• [ACTIVITY]
Span requested from the data below: the line with "Acumen IQ finger cuff placement" through the line with "L’orthodontie dans le", both included. Give only these lines again, exactly, and leave every picture out.

• [EXERCISE INPUTS]

---*---

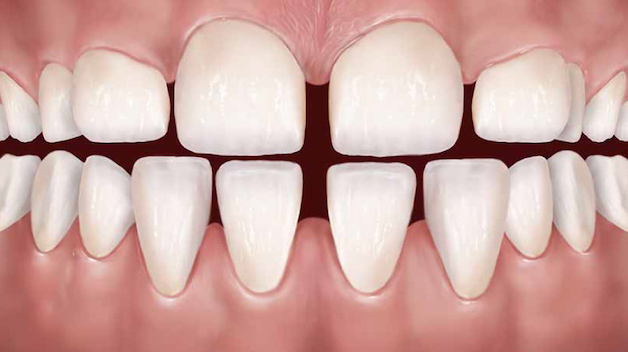 Răng thưa là một trong những trường hợp niềng răng không nhổ điển hình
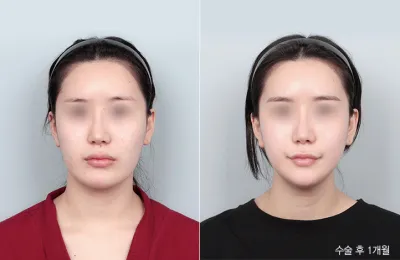 Before & After
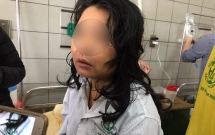 bac si len tieng vu nu benh nhan nguy kich nghi do dung tpcn de giam can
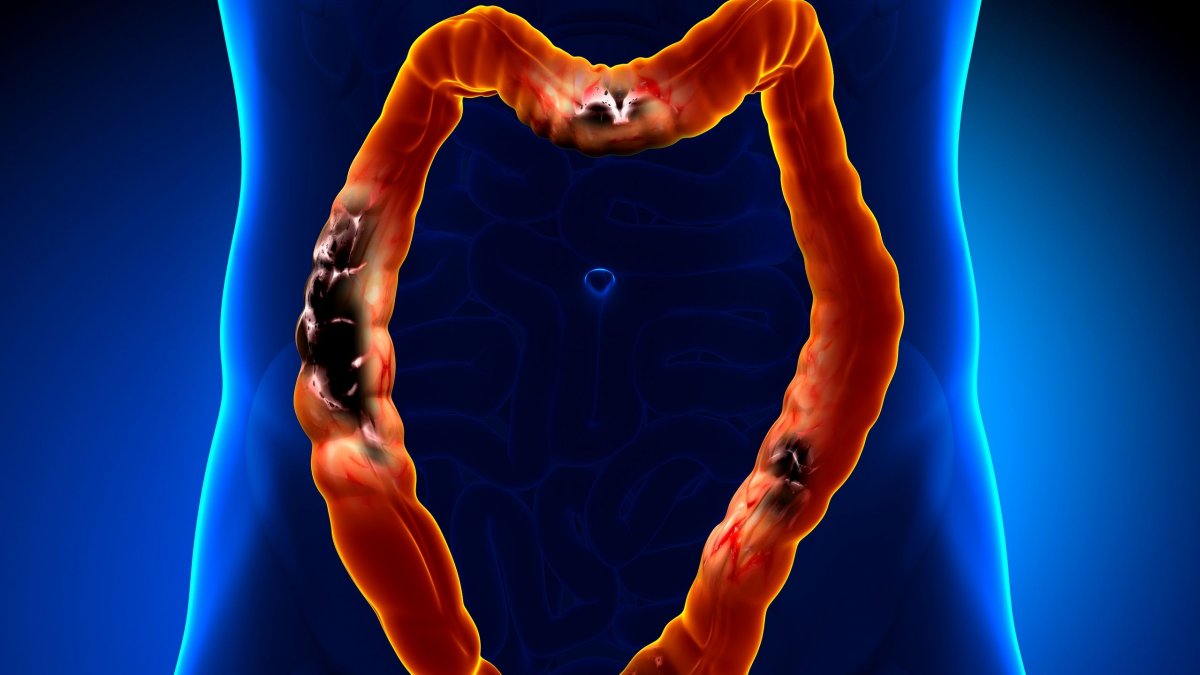 Ογκολόγος αποκαλύπτει: Αυτές είναι οι κοινές συνήθειες που ευνοούν τον καρκίνο του παχέος εντέρου πριν τα 40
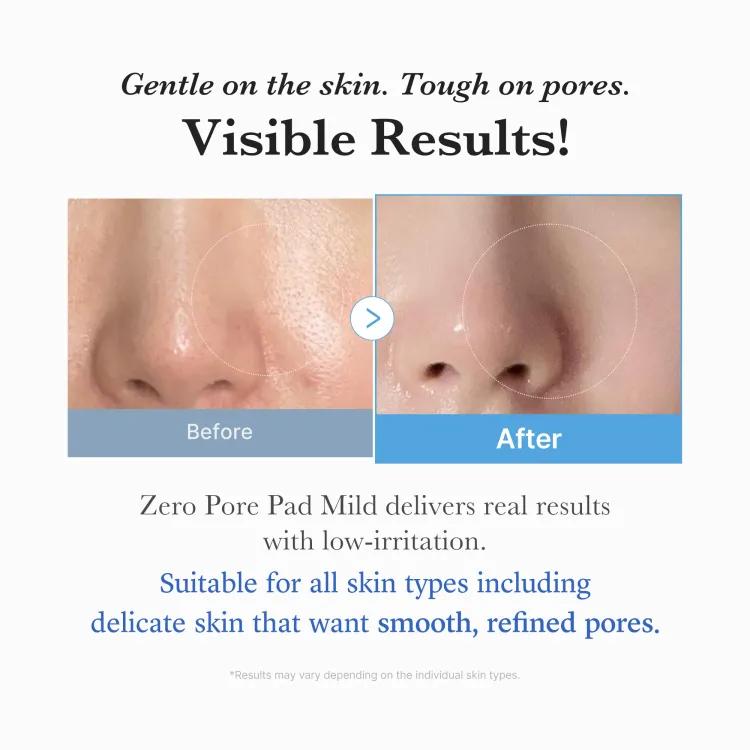 Medicube Zero Pore Pad Mild (70pcs),155g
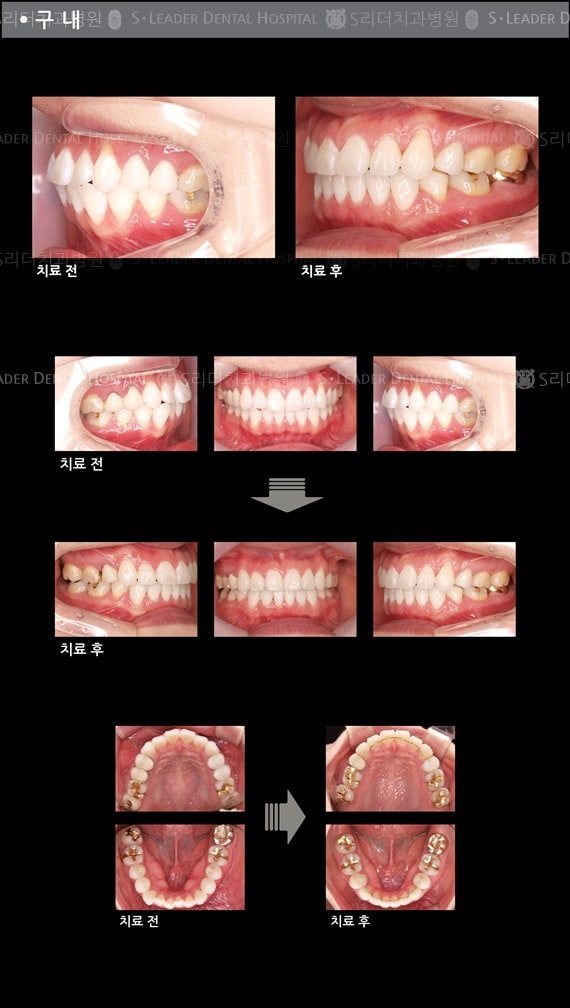 삐뚤삐뚤 치아교정 케이스 — 추가 사진 (치아교정)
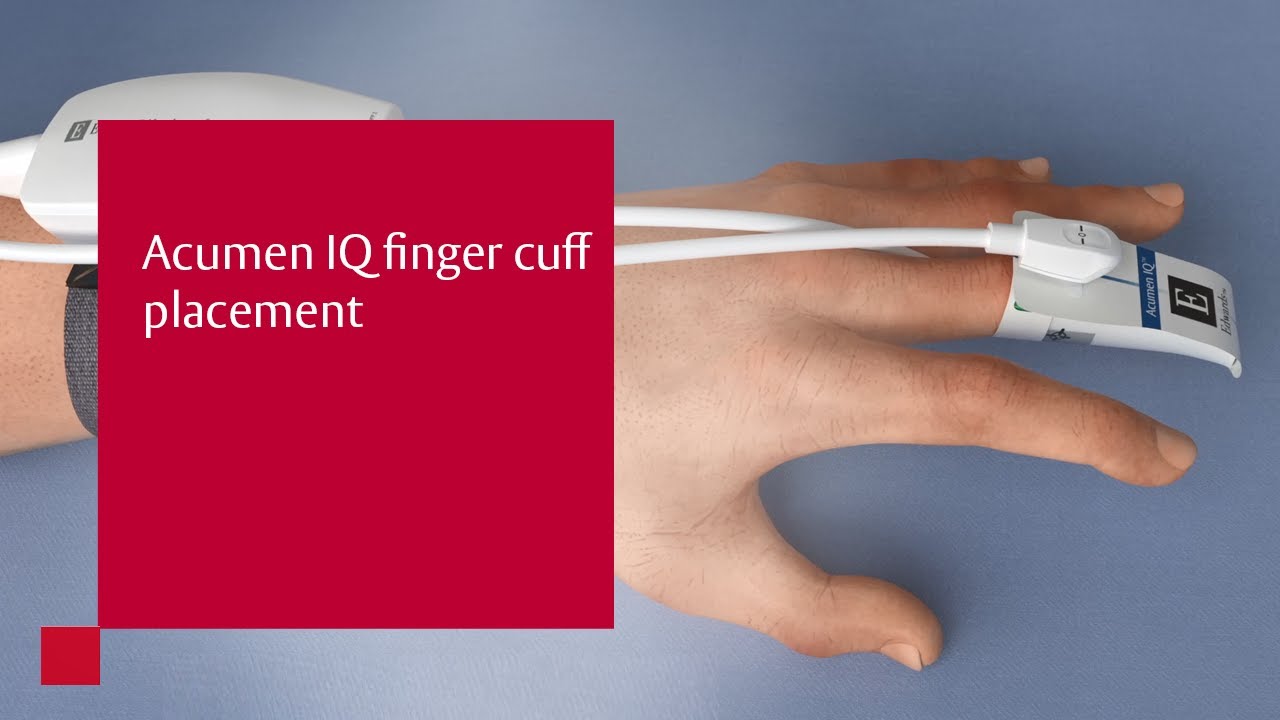 Acumen IQ finger cuff placement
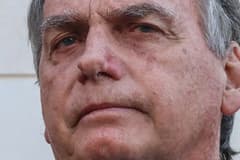 Exames de Bolsonaro indicam resquícios de inflamações pulmonares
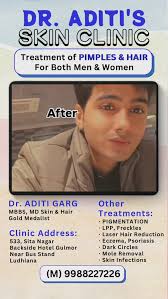 Dr Aditi Garg ( +919988227226 ), MBBS MD Skin & Hair (Gold Medalist), 533  Sita Nagar, Backside Hotel Gulmor, , Near Bus Stand Ludhiana., Timings:,  Morning- 8:30 am to 1:00pm, Evening- 4 pm to 8 pm, ...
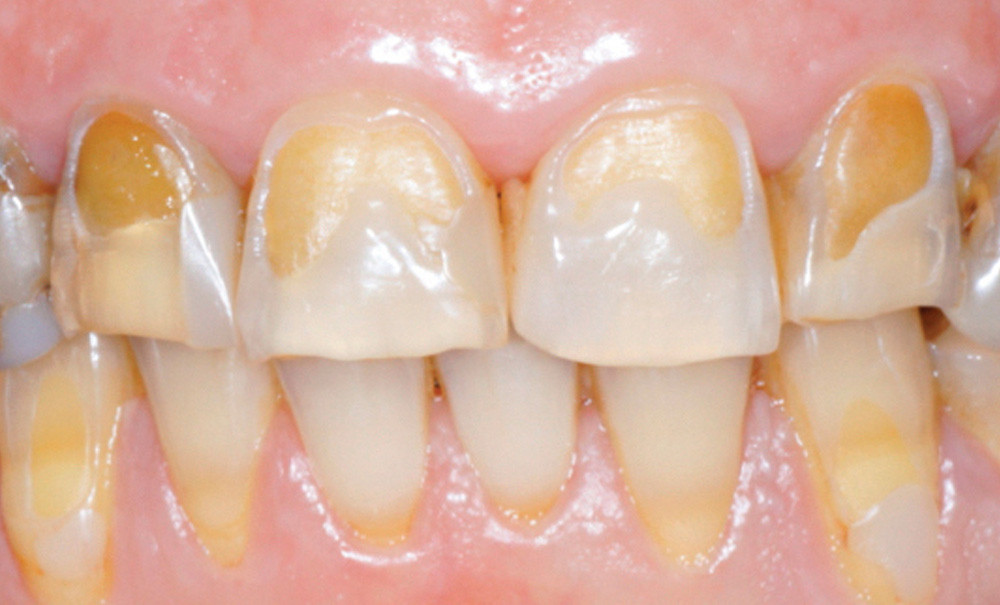 L’orthodontie dans le traitement des lésions érosives L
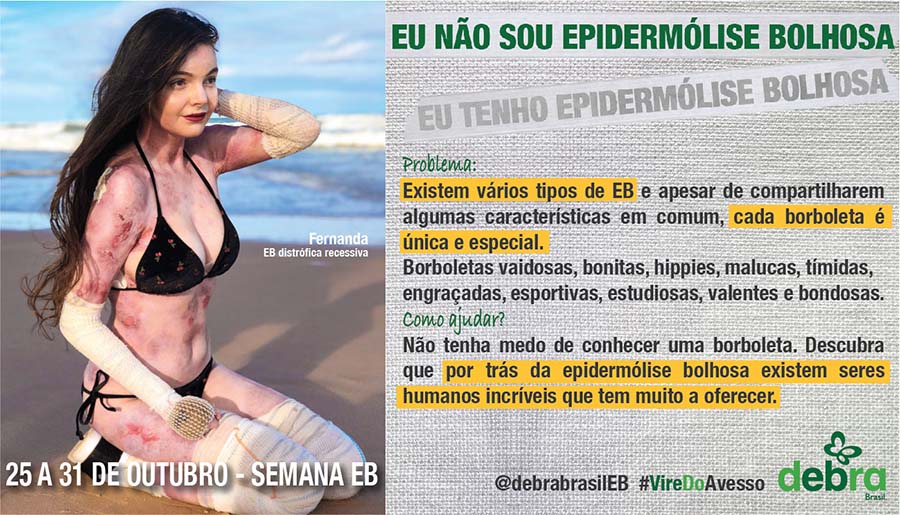 Um dos 7 banners que a DEBRA Brasil criou abordando os problemas que as pessoas com EB enfrentam e como podemos ajudá-las. A Nanda Tanajura, jovem com EB distrófica recessiva, está na praia de biquini e com algumas ataduras. O tema abordado é “Eu não sou epidermólise bolhosa, eu tenho epidermólise bolhosa”.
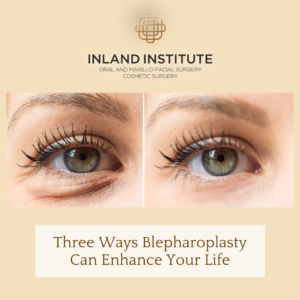 Gilbert Blepharoplasty 300x300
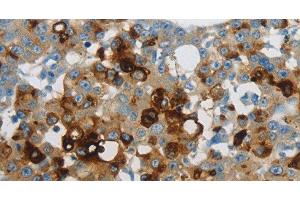 Immunohistochemistry of paraffin-embedded Human breast cancer using LCN2 Polyclonal Antibody at dilution of 1:60 (Lipocalin 2 antibody)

---*---

• [FINISHED EXERCISE]
 Acumen IQ finger cuff placement
 Exames de Bolsonaro indicam resquícios de inflamações pulmonares
 Dr Aditi Garg ( +919988227226 ), MBBS MD Skin & Hair (Gold Medalist), 533  Sita Nagar, Backside Hotel Gulmor, , Near Bus Stand Ludhiana., Timings:,  Morning- 8:30 am to 1:00pm, Evening- 4 pm to 8 pm, ...
 L’orthodontie dans le traitement des lésions érosives L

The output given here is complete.